Ultimately this practice helps everyone. A professor is supposed to do research and not spend days preparing an original lecture, and the popular literature on the topic will be much better structured and presented then your professor could probably do. Please be also aware that even when not published as a book, lecturers usually have material collections that they pass on when somebody else is giving their lecture in the next term.
So I am strongly suggesting that you report nothing as you will be probably laughed of by the department while leaving a bad impression.
Edit: There is also a general philosophy of "a lecture is not public", and therefore the usual rules for citations (and also copyright) do not apply.
I have a couple of observations from personal experience. As a grad student, I audited a course in functional analysis. We had a required text for the course. Each day, the professor came into class, opened the book to the appropriate place and started lecturing. In another course, which I actually took, the text was a well-known text on complex projective varieties. After a few days, I realized that what the professor was writing on the board looked awfully familiar, and checked the text (in class) and discovered that he was writing his lecture, verbatim, from the book. In neither case did I have a problem with what was happening. In fact, it made my job easier. As @Terri mentioned in another answer, this allowed me to concentrate on the material, instead of trying to copy it down. I read ahead and knew what was coming. Any useful asides that the prof mentioned were duly noted. Perhaps we were more indulgent of our professors back in the day.
In any event, I have been around the block a few times. There are things that are worth getting upset about. I don't think this is one of them.
Plagiarism refers to passing off others' ideas as one's own. If you are writing a research paper (researcher) or an assignment (student), there is an expectation that you are articulating your own ideas, unless you specify otherwise. If you are conversing with friends over coffee, less so. Class lectures are somewhere in between.
There may be many good reasons to hew extremely closely to the presentation in a book in lectures, especially in certain fields like math. It takes a lot of work to write a compelling set of notes on one's own, and there may be little to gain versus using something already canonical in the field. Of course, parrotting a random book from years ago may also indicate just laziness.
I have definitely at various parts of my academic career lectured "from the [assigned] book", as well as on occasion presented my own material or lectured on part of the material from a different book. I definitely openly mentioned the source, as a natural habit of giving credit where credit is due, and of guiding students where to look (which in the case you mention may be more difficult if the book is out of print, of course). So it does seem weird the professor makes no mention of it, whether it is by design or by accident.

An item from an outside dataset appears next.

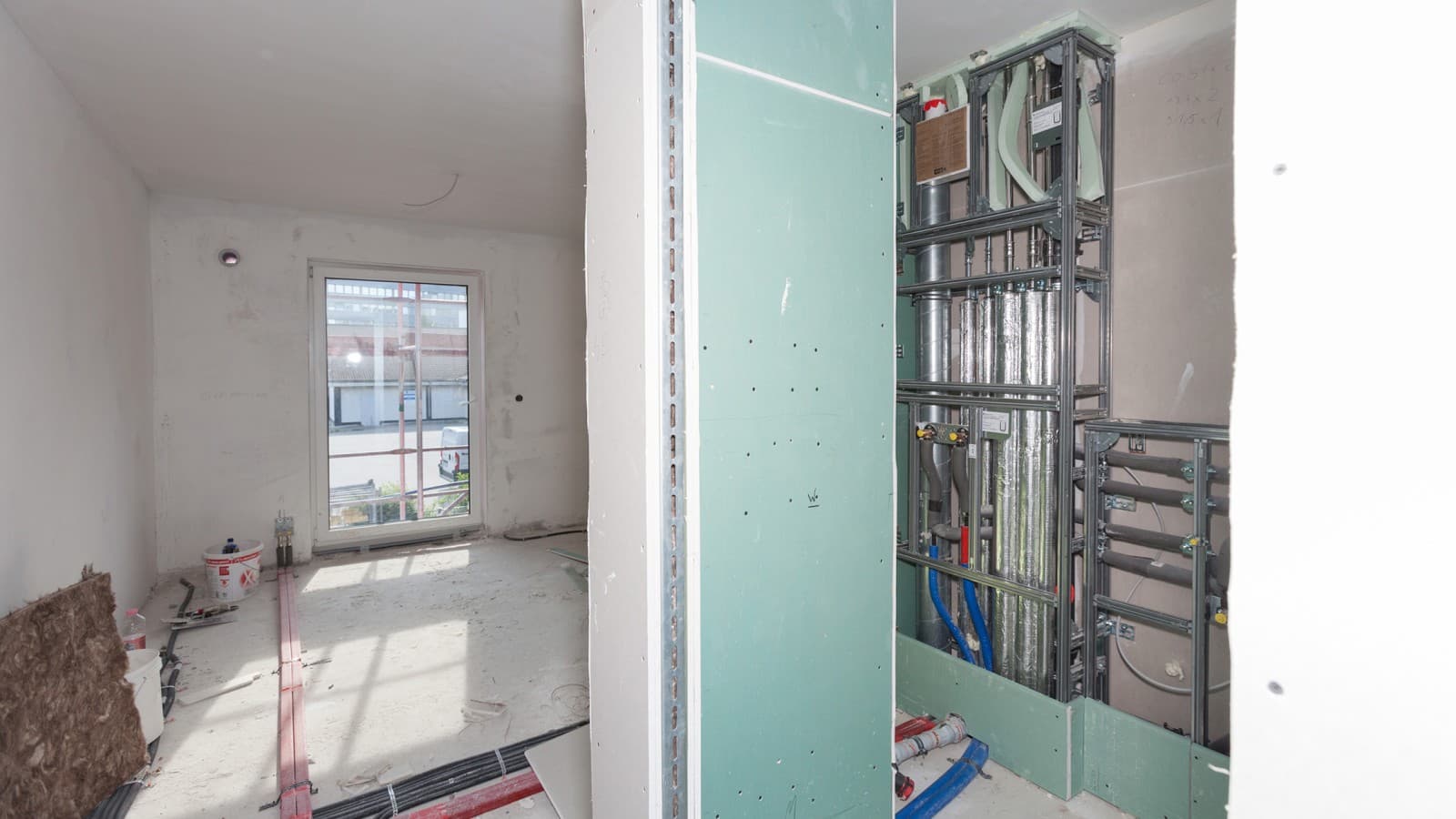 Le système d’installation préfabriqué Geberit GIS pour l’ensemble de l’alimentation et de l’évacuation a raccourci le temps de construction de trois mois (© Geberit) Le système d’installation préfabriqué Geberit GIS pour l’ensemble de l’alimentation et de l’évacuation a raccourci le temps de construction de trois mois (© Geberit)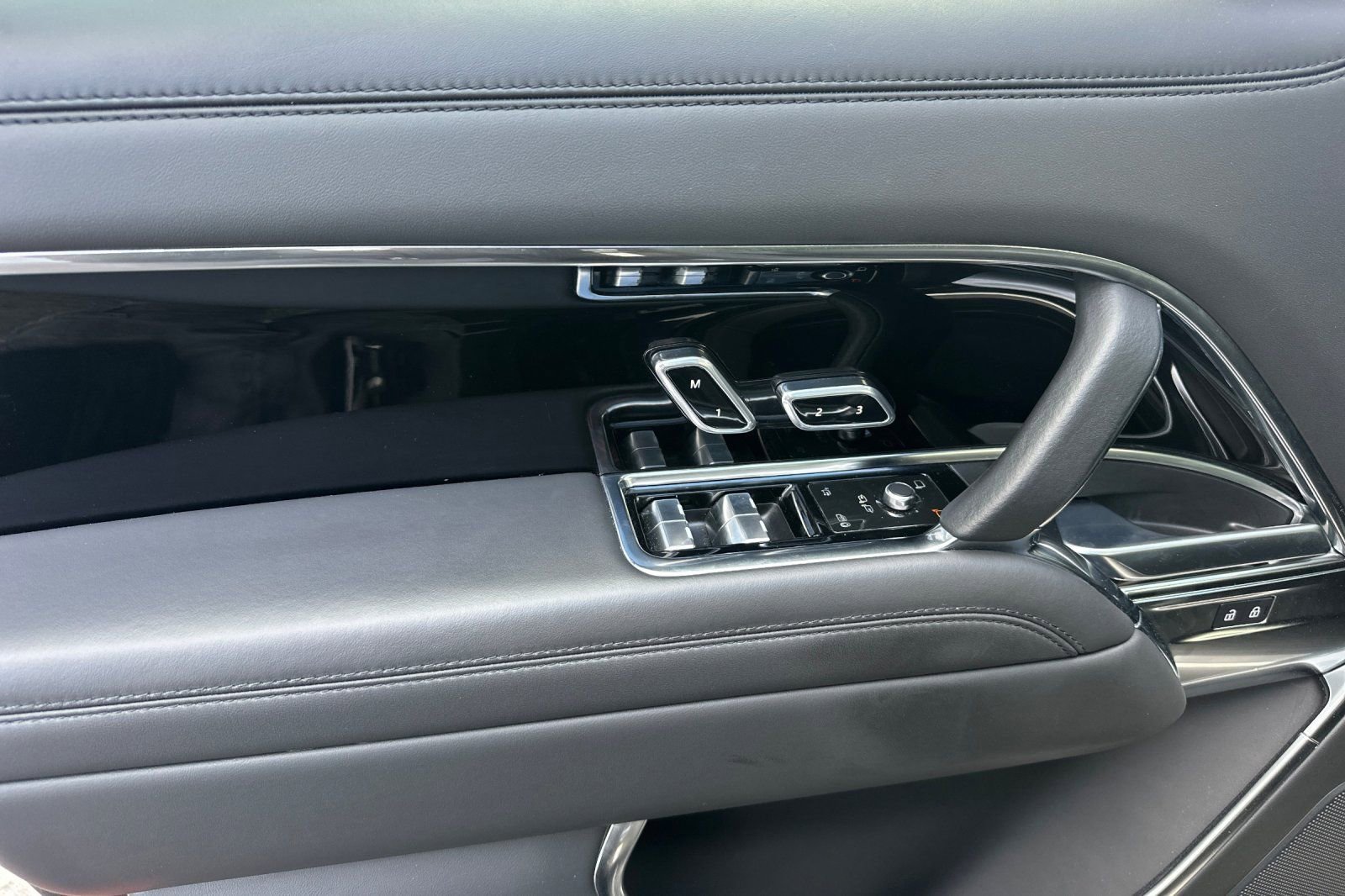 Used 2024 Land Rover Range Rover SE image 12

On its own, the use of the words "my notes" or "my lectures" could be using the word "my" as demonstrative, not possessive, i.e. merely which notes he is referring to (the ones he is transmitting to you) rather than taking intellectual credit for them.
All in all, the most likely interpretation seems to be of a pedagogically lazy dinosaur, rather than a nefarious plagiarist, or conversely a brilliant pedagogue bringing you a carefully selected optimal, but unfortunately out of print, presentation of the material.

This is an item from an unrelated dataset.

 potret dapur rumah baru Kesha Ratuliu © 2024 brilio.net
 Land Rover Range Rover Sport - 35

Finally, putting words in your mouth to be sure, I'm sensing a feeling of injured inequality and hypocrisy here - "how come when we [students] do It it's plagiarism but when a tenured prof does It no-one calls it that". If that's the case, hopefully the distinction regarding assumed level of originality of ideas depending on the context will be helpful to explain it. It's worth also noting that the current level of vigilance about plagiarism on University campuses comes as a direct result of the ease of copying (without attribution) from the internet, with minimal reflection or internalization of the material. Being a bit of an old dinosaur myself, it is just not a theme we thought about as much years ago, when copying something meant manually transcribing it, and so was essentially as much work as rewording it. Still highly relevant for actual research, of course, but less top of mind for lectures, assignments, and the like. So if you pointed out to the professor that you were aware he was presenting "from X", he might well smile warmly at you and say "Oh yes, great that you're aware of X. Such a shame it's no longer in print. In my day, we all learnt [...] by copying out its presentation to understand it" and continue along serenely, with no thought of plagiarism in his mind.